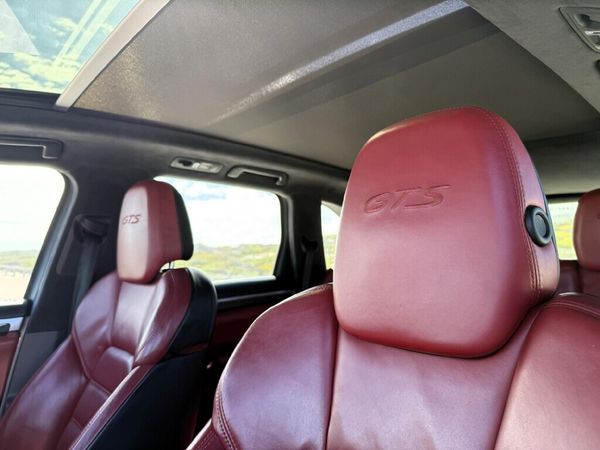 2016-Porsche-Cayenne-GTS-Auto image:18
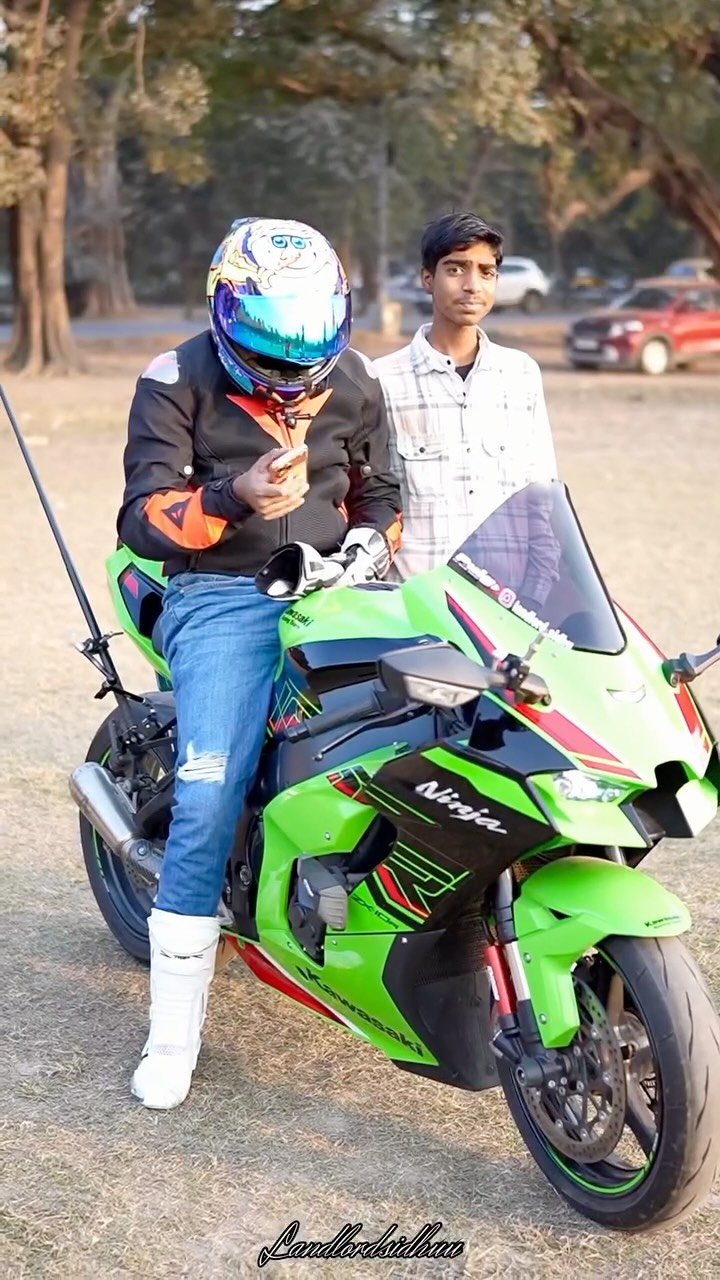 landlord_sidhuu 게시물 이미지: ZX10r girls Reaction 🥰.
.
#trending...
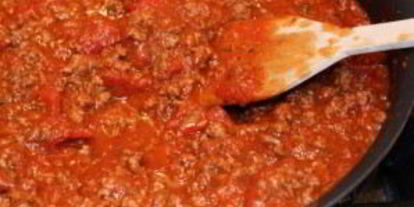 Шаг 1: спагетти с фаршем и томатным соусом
* * *
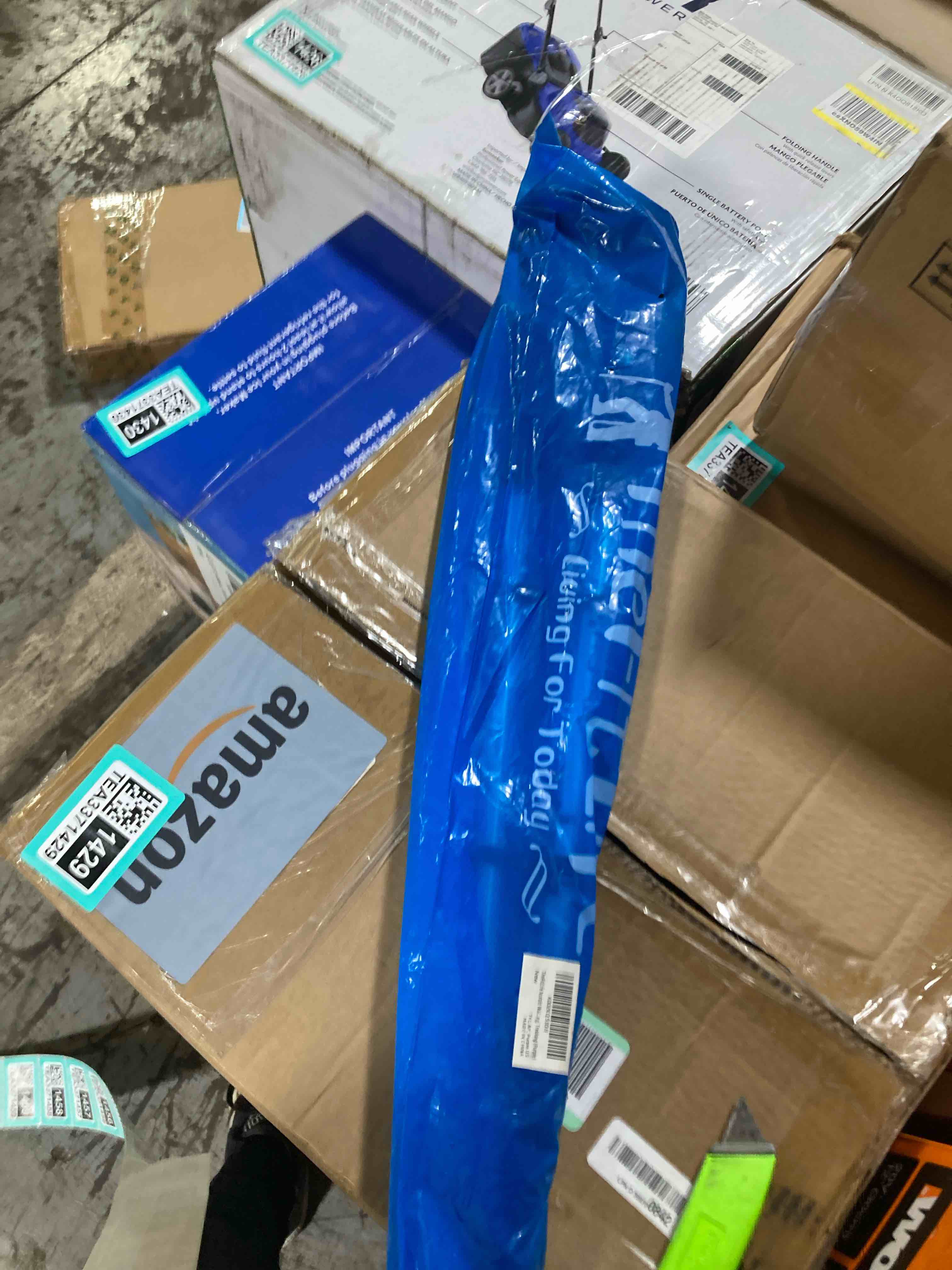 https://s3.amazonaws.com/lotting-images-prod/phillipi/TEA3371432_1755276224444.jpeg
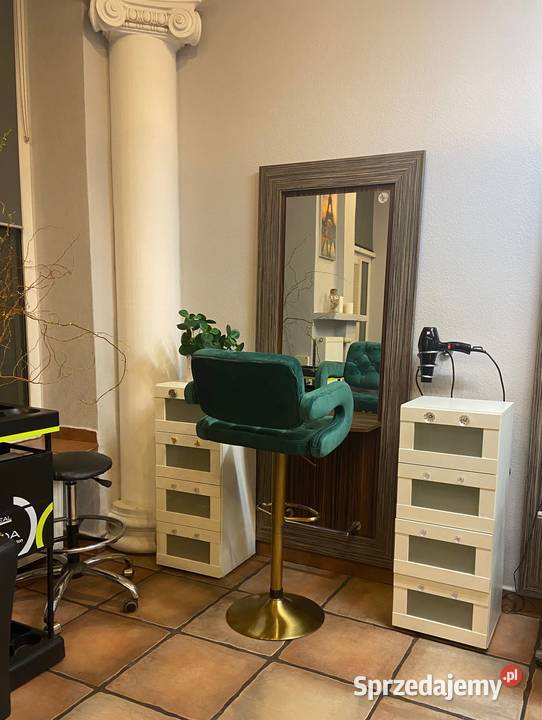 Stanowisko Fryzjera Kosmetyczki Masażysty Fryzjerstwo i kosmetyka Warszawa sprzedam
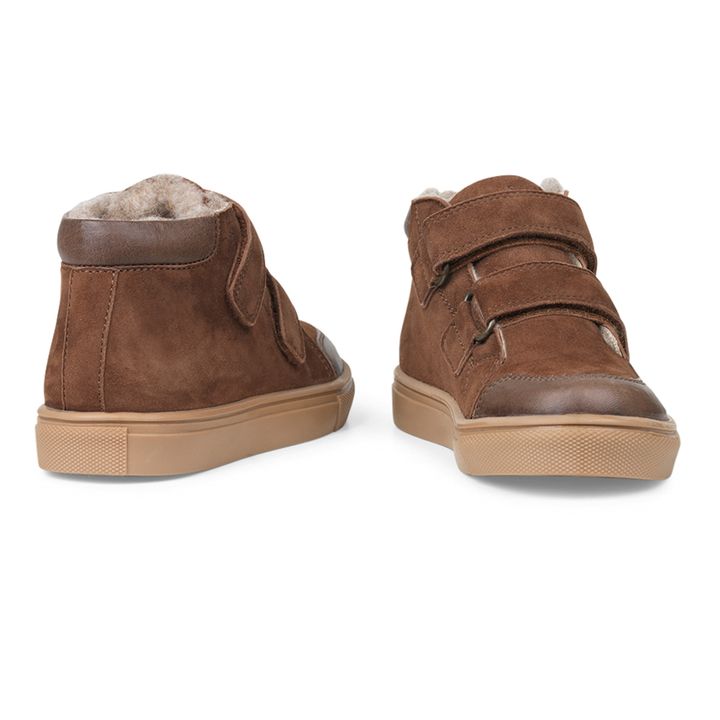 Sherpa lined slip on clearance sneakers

**Exercise**
Set the pictures aside and reproduce exactly the lines above, from the line holding "2016-Porsche-Cayenne-GTS-Auto image:18" through the line holding "Шаг 1: спагетти с фаршем и томатным соусом", both included, with nothing else.

**Answer section**
 2016-Porsche-Cayenne-GTS-Auto image:18
 landlord_sidhuu 게시물 이미지: ZX10r girls Reaction 🥰.
.
#trending...
 Шаг 1: спагетти с фаршем и томатным соусом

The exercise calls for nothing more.